Sumcheck and MLEs

$$ \gdef\delim#1#2#3{\mathopen{}\mathclose{\left#1 #2 \right#3}} \gdef\p#1{\delim({#1})} \gdef\ps#1{\delim\{{#1}\}} \gdef\F{\mathbb F} \gdef\set#1{\mathcal #1} \gdef\mat#1{\mathrm #1} \gdef\vec#1{\bm #1} \gdef\popcount{\mathrm{popcount}} \gdef\eq{\mathrm{eq}} \gdef\∀{\mathop{\huge ∀}\limits} \gdef\mul{\mathsf{mul}} \gdef\add{\mathsf{add}} \gdef\addc{\mathsf{add^C}} \gdef\bar#1{\overline{#1}} $$

Sumcheck

Sumcheck was introduced in LFKN92 and allows reducing certain sums of evaluations to a single evaluation. Given a field $\F$ multivariate polynomial $f ∈ \F[X_1,…,X_n]$ and an evaluation domain $\set B = \set B_1 × ⋯ × \set B_n$ with $\set B_i \subseteq \F$. Typically the evaluation domain is a unit hypercube, $\set B = \ps{0,1}^n$, but I'll present it generically here.

The goal is to reduce proving

$$ h = \sum_{\vec x ∈ \set B} f\p{\vec x} $$

to proving $f(\vec r) = c$ for some $\vec r ∈ \F^n$ and $c ∈ \F$. This can then be proven by other means, for example by an opening of a polynomial commitment.

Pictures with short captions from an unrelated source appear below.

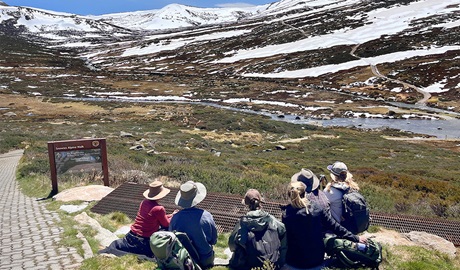 A tour group with She Wanders Escapes looking at snow-capped mountains in Kosciuszko National Park. Credit: Camilla Skye &copy; She Wanders Escapes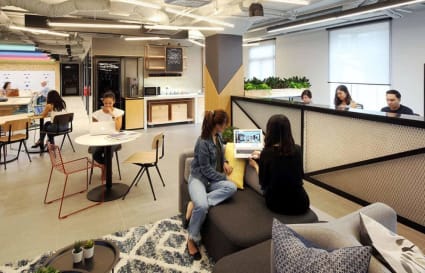 Vibrant coworking space with modern furniture, ample natural light, and collaborative work areas.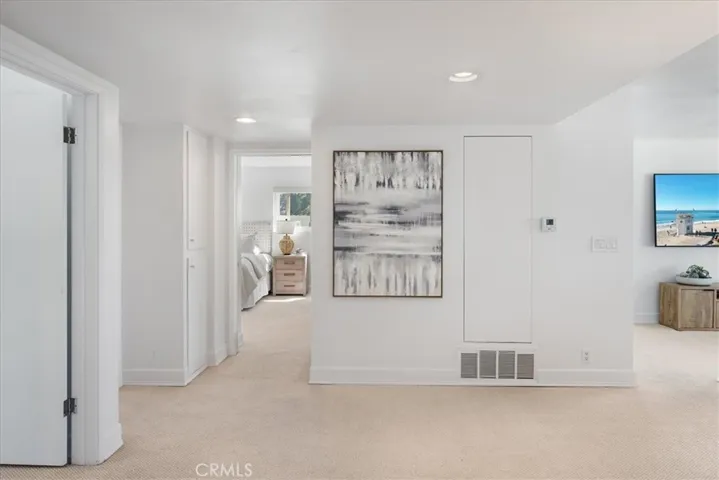 View facing primary bedroom suite
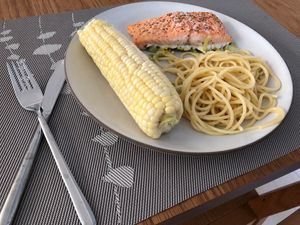 salmon, pasta, corn on a plate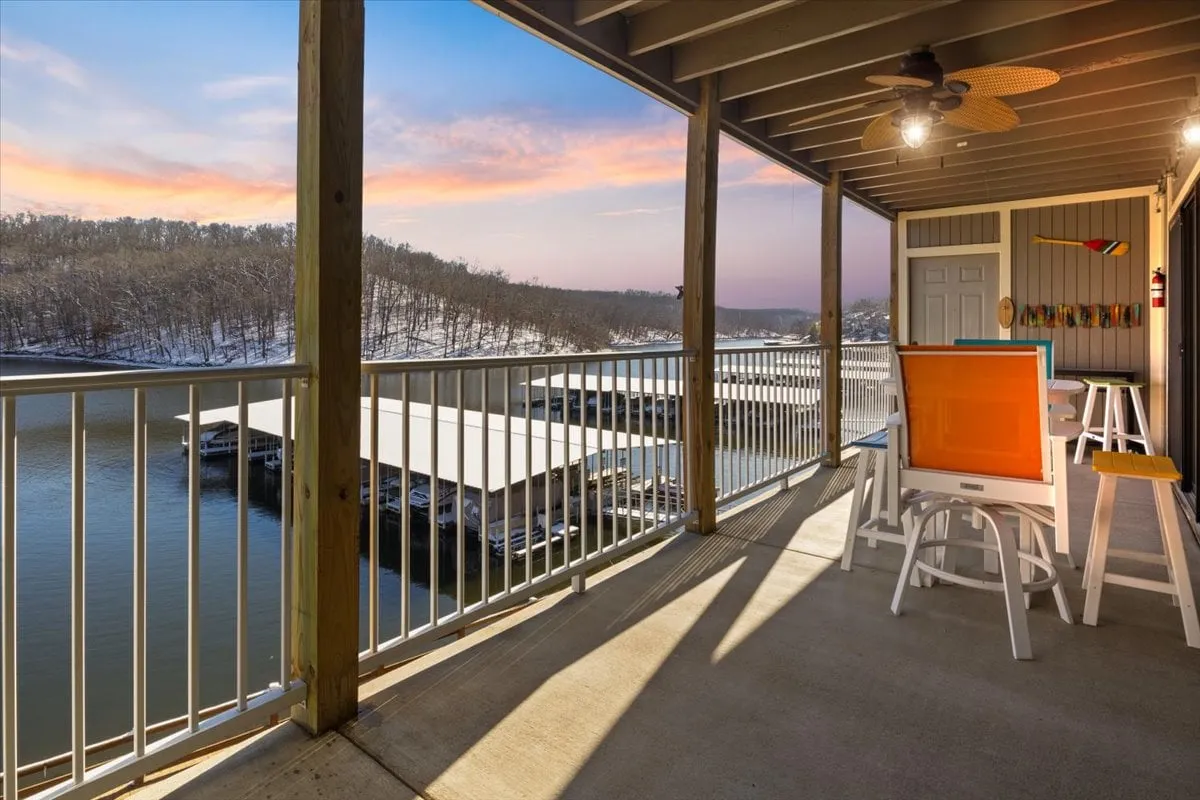 A peaceful lakeside balcony with a railing, a painted easel set up for painting, and a sweeping waterfront view framed by distant hills. The setup hints at creative inspiration or restful contemplation, while the outdoor setting underscores access to nature.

The protocol proceeds as follows:

  1. Prover sends $f_1 ∈ \F[X]$, a univariate polynomial such that $$ f_1(X) = \sum_{\vec x ∈ \set B_2×⋯×\set B_n} f\p{X, \vec x} $$
  2. Verifier sends a random $r_1 ∈ \F$ and checks that $\deg f_1 = \deg_1 f$ and computes $$ h = \sum_{x ∈ \set B_1} f_1\p{x} $$
  3. Prover sends $f_2(X)$ where $$ f_2(X) = \sum_{\vec x ∈ \set B_3×⋯×\set B_n} f\p{r_1, X, \vec x} $$
  4. Verifier sends a random $r_2 ∈ \F$ and checks that $\deg f_2 = \deg_2 f$ and $$ f_1(r_1) = \sum_{x ∈ \set B_2} f_2\p{x} $$
  5. The prover and verifier repeat this process $n-3$ more times.
  6. Prover sends $f_n$ where $$ f_n(X) = f\p{\vec r, X} $$
  7. Verifier sends a random $r_n ∈ \F$ and computes $c = f_n(r_n)$.
  8. The prover and verifier use further methods to check $$ c = f(\vec r) $$

See Justin Thaler's notes on Sum-Check T20a, T23a.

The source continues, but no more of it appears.